Moving towards teaching science in equitable and diverse ways can be challenging. Embracing change in traditional science instruction means that educators must have the ability to view their students both as individuals and as members of diverse groups (Bianchini et. al. 2007). As educators begin to understand and acknowledge student diversity and incorporate students’ worldviews and lived experiences into science education, it becomes a more meaningful and impactful experience for ALL students (Bianchini et. al. 2007).

Some strategies for creating more culturally responsive and inclusive science instruction include:

Provide students with a world view of science
Discuss the contributions of people of color, women as well as people with dis/abilities. In this way educators can assist students in challenging the notion that science is a Western concept (Januszky, Miller, & Lee, 2016).

Learning needs to be meaningful, exciting, and culturally relevant
Students must be able to relate to the content being taught, therefore educators should place phenomena and problems in home and community contexts.
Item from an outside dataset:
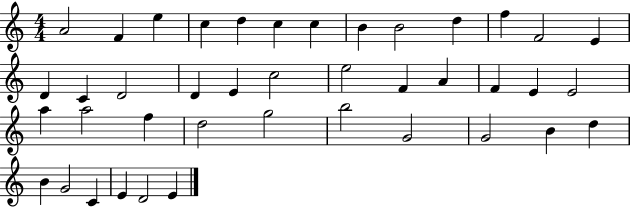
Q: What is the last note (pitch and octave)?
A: E4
Doing so will help students build on their everyday experiences and language, and make connections between school, community, and home (Januszky, Miller, & Lee, 2016).

Ensure that the science lessons are reflective of students’ interests
Incorporating the interests students already have into the science curriculum is another way of ensuring the inclusion and representation of all students (Cobern, 1995).
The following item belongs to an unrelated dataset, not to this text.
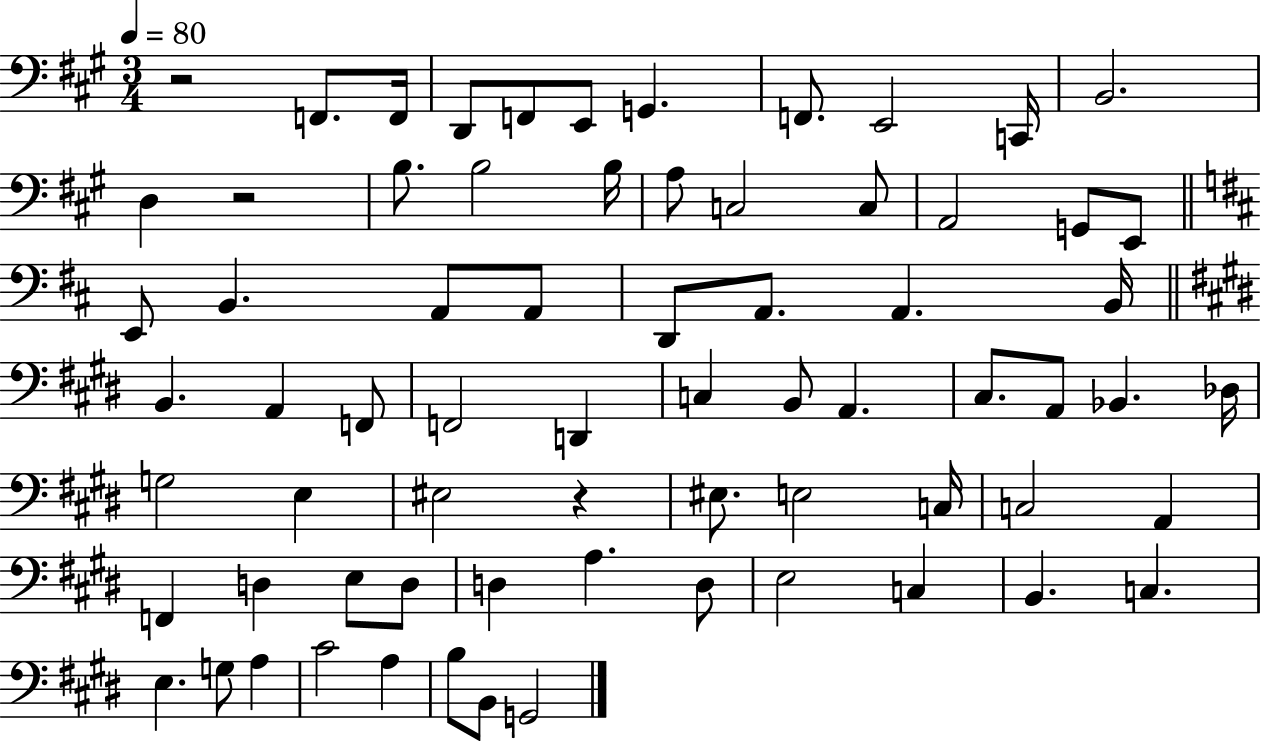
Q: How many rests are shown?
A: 3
Partner with parents/caregivers and community members
As students learn and become more aware of issues in their own communities (e.g. lack of green spaces, the need for community gardens, need for conservation plans etc.), they can become advocates and able to educate and inform community members (Bouillion, 2001).

Create a more natural and authentic learning experience for students
Examine real world problems with students and allow students to make observations and reflect on issues of importance to them. Ask open-ended questions of students that allow them to use their prior knowledge and lived experiences to better understand concepts (Bouillion, 2001).

Allow the use of students' native and/or informal language in the classroom
When students feel they can relate to the science curricula, they may participate more. Using more informal and/or students' languages adds an element of acceptance, inclusion, and validation that educators value the home culture of the students (Dunca-Morgan, 2015).